Le succès de la première rencontre
nationale du NPA consacrée à l’écologie a montré une prise de conscience importante et en progrès concernant les conséquences politiques de la crise écologique au sein gauche radicale.
Il s’agit désormais pour le NPA de franchir un cap supplémentaire et de s’affirmer comme un parti anticapitaliste qui intègre la critique écologiste du mode de production capitaliste et des
errements des ex-sociétés du "socialisme" bureaucratique.
Crédit photo : Photothèque Rouge/Franck Houlgatte
L’ampleur de la crise écologique provoquée par le productivisme capitaliste, conjuguée aujourd’hui à la crise économique, met désormais en danger des millions de vies humaines, et en premier lieu
celles des populations les plus pauvres.
L’heure n’est plus à faire de l’écologie un supplément d’âme, une revendication parmi d’autres, mais bien d’en reconnaitre la transversalité. En effet,
nulle question sociale ne peut être appréhendée sans en saisir la dimension écologique, qu’il s’agisse d’emplois, de choix industriels ou de services publics ; notre écologie doit donc enrichir
notre projet émancipateur...
La prise en compte de la question écologiste par la droite et la gauche sociale-libérale conduit le plus souvent à faire reposer sur les plus pauvres les conséquences des dégradations
environnementales comme celles de la crise sociale. Le NPA ne sera crédible que s’il sait articuler ces deux dimensions, que s’il arrive à répondre à l’urgence environnementale comme à l’urgence
sociale. Il le sera d’autant plus s’il parvient à nouer des liens solides et durables avec les courants et les mouvements de l’écologie radicale. Il devra pour cela impulser des mobilisations de
masse sur les questions écologistes et nourrir les mobilisations sociales d’une conscience écologiste.

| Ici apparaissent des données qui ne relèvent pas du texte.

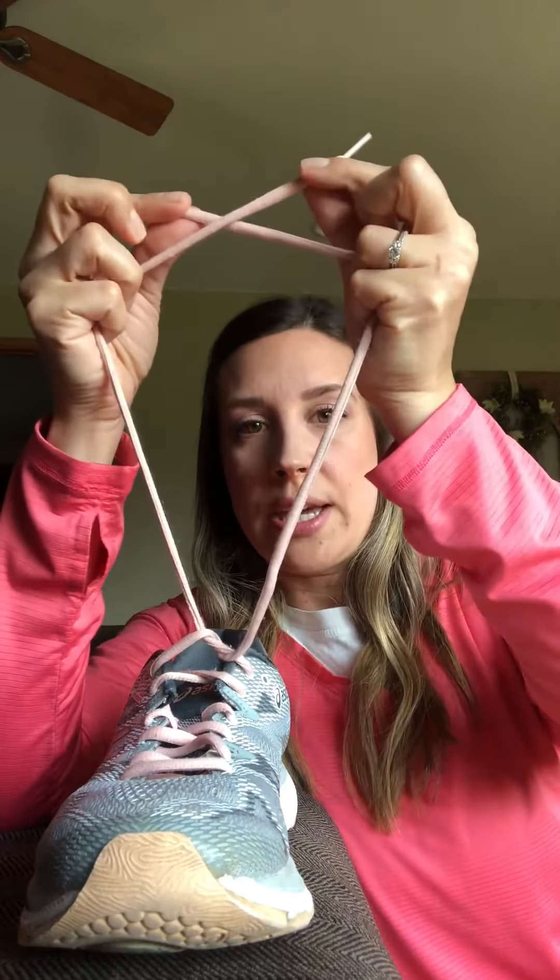So we're gonna do another one, and it's gonna start the same way. You're going to do your crisscross, lace on top goes under, pull down, and do that again. Take your laces up, make an X, lace on top is gonna go under, pull down until you have a little hole there.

Cela implique de formuler un plan d’urgence liant ces deux aspects de la crise, mais aussi d’articuler la nécessité de réponses immédiates et d’un projet d’ensemble à moyen et long terme. Autrement
dit il s’agit que les travailleurs et les populations s’approprient un véritable programme transitoire social et écologiste, notamment autour des problèmes de changements climatiques, de la santé,
pour une agriculture paysanne et une pêche artisanale respectueuses des équilibres environnementaux, ou encore pour la sortie du nucléaire. Ce projet à moyen terme doit affirmer la nécessité de la
planification démocratique, c’est-à-dire la maîtrise collective de l’appareil de production, afin de viser sa profonde réorientation, ce qui nécessite la remise en cause du caractère sacré de la
propriété privée capitaliste. En effet le NPA doit aujourd’hui être capable de répondre aux questions :
qui produit, qu’est-ce qu’on produit, pourquoi et pour qui on produit, où et comment on
produit, et qui décide ? Notre écologie est intrinsèquement liée à une visée radicalement démocratique. Pour se réapproprier nos vies, nous devons nous réapproprier notre environnement.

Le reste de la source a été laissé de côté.